Além disso, há uma questão mais estrutural que se refere às implicações das enchentes em cidades marcadas por desigualdades extremas. Apesar do impacto em áreas de maior renda da cidade, como Menino Deus e Cidade Baixa, o fato é que o impacto mais devastador e de maior duração recaiu sobre os territórios habitados por populações em situação de maior precariedade. Tais populações são forçadas por uma sociedade excludente a habitarem as áreas mais propensas a serem afetadas por desastres, como as enchentes. Na medida em que o projeto político defendido pela coalizão dominante não incorpora essas populações nem como sujeitos de direitos, nem como cidadãos e cidadãs que devem ser ouvidos pelos governantes, obviamente que o resultado é uma fragilização dessas populações frente a desastres como as enchentes de 2024.
IHU – Quais os riscos e as chances de submeter o processo de reconstrução de Porto Alegre após as enchentes aos interesses desses grupos com forte influência no poder público municipal?
Marcelo Kunrath Silva – O processo de reconstrução de Porto Alegre e, mais amplamente, do Rio Grande do Sul se tornou objeto de uma forte mobilização da rede identificada na pesquisa.

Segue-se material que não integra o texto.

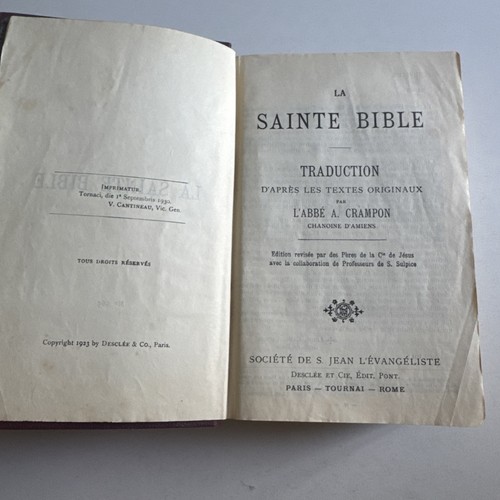 Sainte bible numéro - la,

De um lado, há iniciativas do próprio empresariado, como o Reconstrói RS, promovido pelo Instituto Ling, o Instituto Cultural Floresta e a Federasul, e o Regenera RS, promovido pelo Instituto Helda Gerdau, com recursos iniciais da Gerdau e da Vale. Essas iniciativas se caracterizam por doações de recursos empresariais para ações de reconstrução escolhidas pelos doadores. O que se vê aqui é uma lógica muito similar à referida ação do ICF na segurança pública e que deu origem ao PISEG.
De outro, há uma forte mobilização para incidir nas políticas de reconstrução de diferentes níveis de governo: municipal, estadual e federal. Nos âmbitos municipal e estadual, como seria esperado, é visível a grande permeabilidade dos governos às demandas e propostas da coalizão governante. Desde a escolha dos locais (Instituto Ling e TecnoPuc) que a Prefeitura de Porto Alegre utiliza para apresentar seus projetos até a composição do conselho do Plano Rio Grande, há um forte privilegiamento da coalizão governante. Essas escolhas apontam para um sério risco de uma reconstrução que mantenha e, talvez, amplie as brutais desigualdades e violências que marcam as vidas da imensa maioria da população, que hoje está excluída dos espaços de decisão sobre políticas que definirão o seu futuro.